Monday 4 June 2012

Easy PC

Greetings once more, my five glorious readers! Our numbers have almost doubled since my last blog post - what a triumph! - though I'm afraid to say that such late to the party readers will be sorely disappointed with my future offerings and we are sure to dwindle once more. To those who expressed their delight over my Chinese take-away based quips last time and are expecting more where that came from, do note that such references to my oily past will be sporadic from here on in, if not entirely non-existent. I'm a serious person with serious things to say about serious issues; I will not be reduced to a one trick lemon chicken. Number 80, £4.60.

I won't bother apologising over my abominable efforts to regulate my blogging. I am wholly irregular. One must accept these things in life, much as I have come to accept (though by no means approve of) menstrual cramps, suede, people who breath loudly and queue jumpers.
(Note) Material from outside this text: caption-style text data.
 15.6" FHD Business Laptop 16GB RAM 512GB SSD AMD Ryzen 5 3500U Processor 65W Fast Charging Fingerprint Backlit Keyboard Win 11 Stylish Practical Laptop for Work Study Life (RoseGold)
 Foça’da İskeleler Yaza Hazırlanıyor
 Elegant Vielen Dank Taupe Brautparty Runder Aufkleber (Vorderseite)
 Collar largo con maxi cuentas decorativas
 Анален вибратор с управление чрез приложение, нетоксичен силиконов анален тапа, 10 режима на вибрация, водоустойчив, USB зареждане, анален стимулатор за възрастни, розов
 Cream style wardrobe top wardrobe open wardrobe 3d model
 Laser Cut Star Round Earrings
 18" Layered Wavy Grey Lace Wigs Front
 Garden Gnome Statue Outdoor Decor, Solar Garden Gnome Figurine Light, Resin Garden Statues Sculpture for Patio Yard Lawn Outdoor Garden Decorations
But you are in for a treat: I have been storing up this rant for a very long time. I'll make a 'bold' statement to get us started: I love political correctness. And I shall tell you for why.
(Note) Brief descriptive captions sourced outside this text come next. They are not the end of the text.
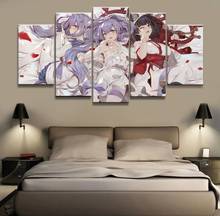 Wall Art Home Decor Canvas 5 Pcs Painting Modern Animation Akagi Azur Lane Picture Hd Print Cartoon Modular Poster Living Room 2024 - buy cheap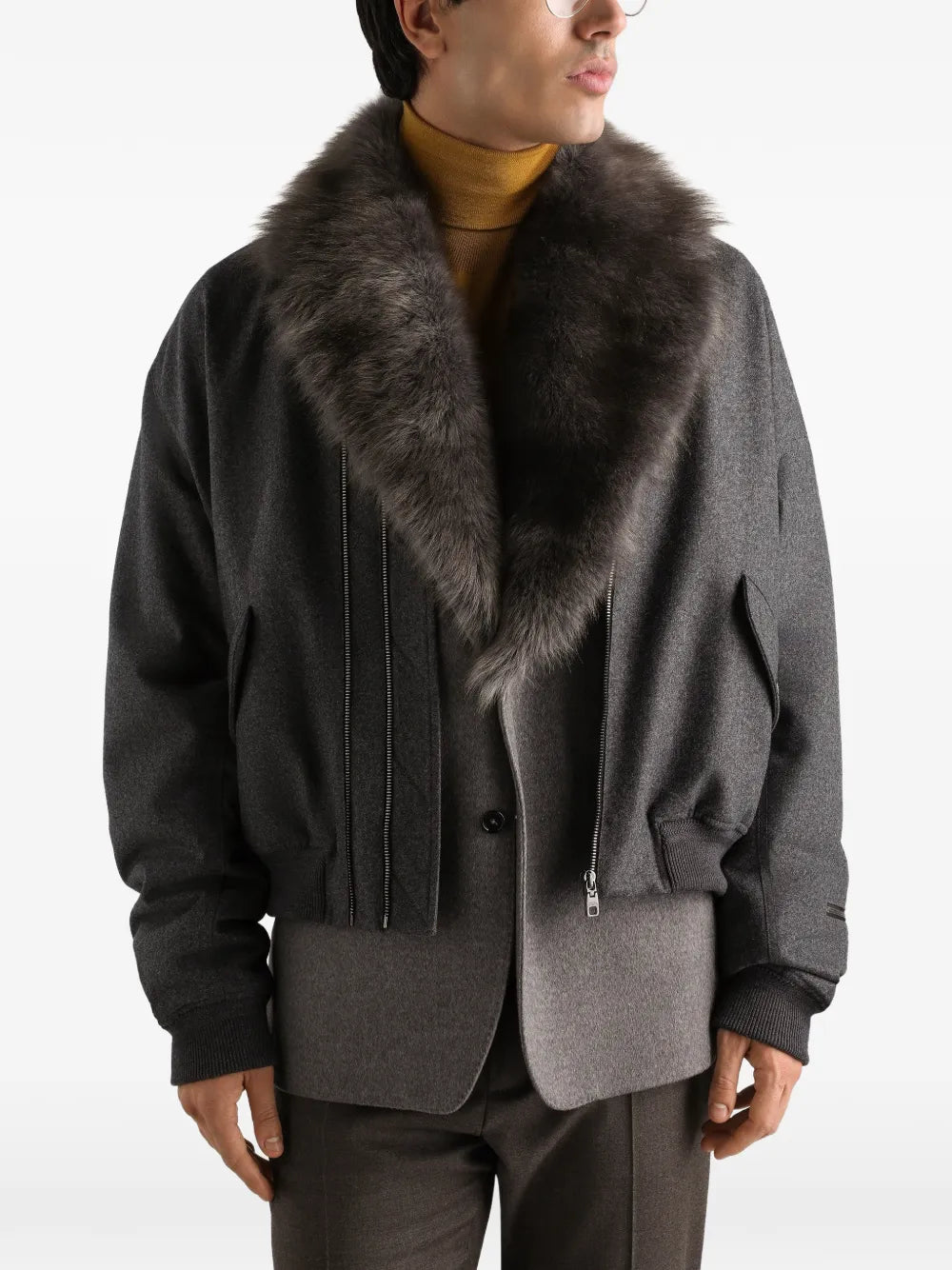 Gepolsterte Bomberjacke aus Wollflanell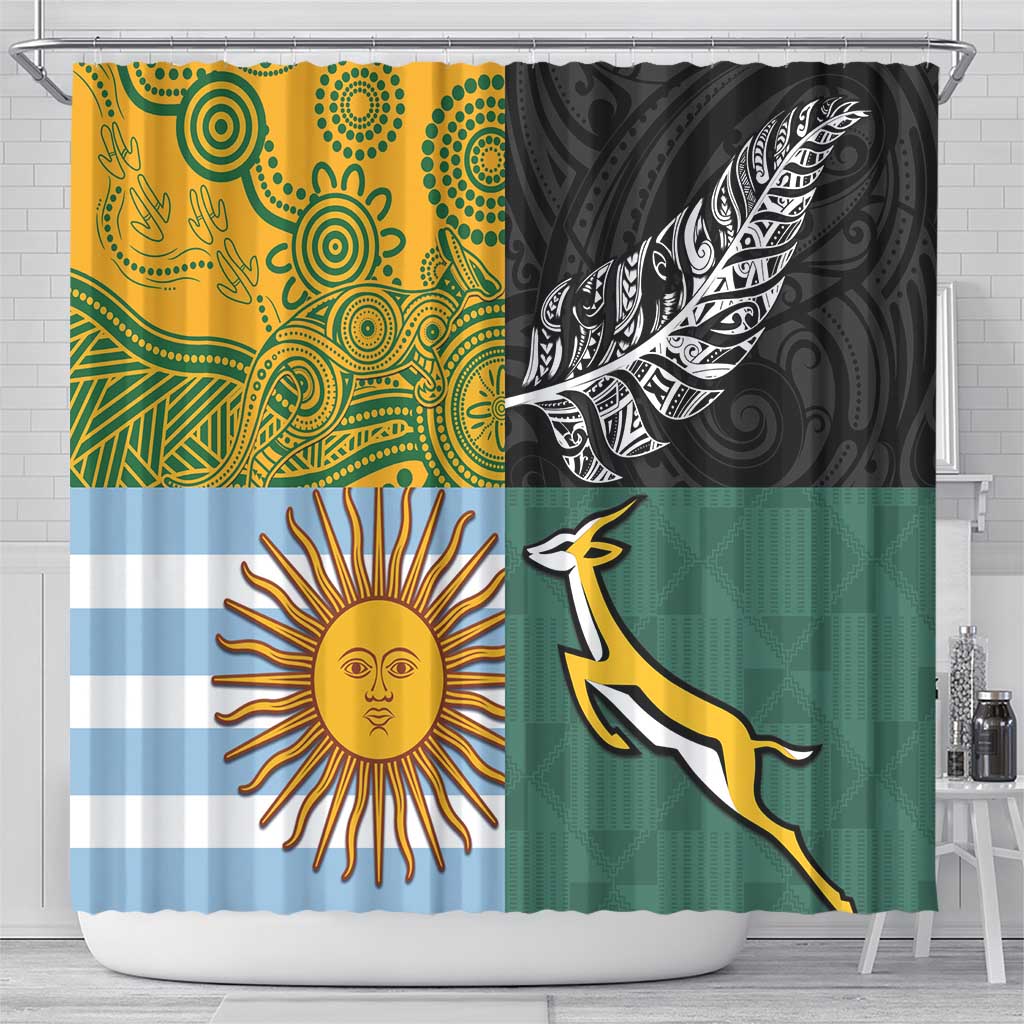 Rugby 2025 Championship Shower Curtain Combination of Southern Hemisphere Countries - Polynesian Pride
I work in a popular pub in Southampton, frequented predominantly by locals but with the odd spattering of students during prime nacho/pre-drink hours. I have become hardened to the racist, sexist, homophobic, transphobic rhetoric I so often have the displeasure of overhearing from those that sit at the bar, but every once in a while I hear something so vile a glare of contempt simply won't suffice. The "enraged feminist psychopath" in me was beyond all realms of riled when I was conversing with one such regular punter, a middle aged white fellow with a penchant for Stella Artois. On requesting his drink of choice, I kindly complied. He took a sip and muttered "Mmm, I love a good wife beater". Now I'm not so far removed from mainstream culture to be unaware of Stella's unfortunate colloquial re-branding, so I casually shared my disapproval (of the name generally, not his specific usage) with the drinker:

Chloe: What an unfortunate nickname for a beer, eh?
Punter: Why is it unfortunate?
Chloe: (pause) Because 'wife beater' is hardly an image you'd want your brand to be aligned with, surely?
Punter: (looks confused) Why not?
Chloe: (slightly perplexed) Because domestic violence is ... really unpleasant, isn't it?
Punter: (starts to smirk) Is it? I've got no problem with it. (laughs)
Chloe: Domestic violence is appalling, I think you're being rather insensitive.
Punter: Oh heeeeere we go, am I not allowed to say anything 'politically incorrect' in here?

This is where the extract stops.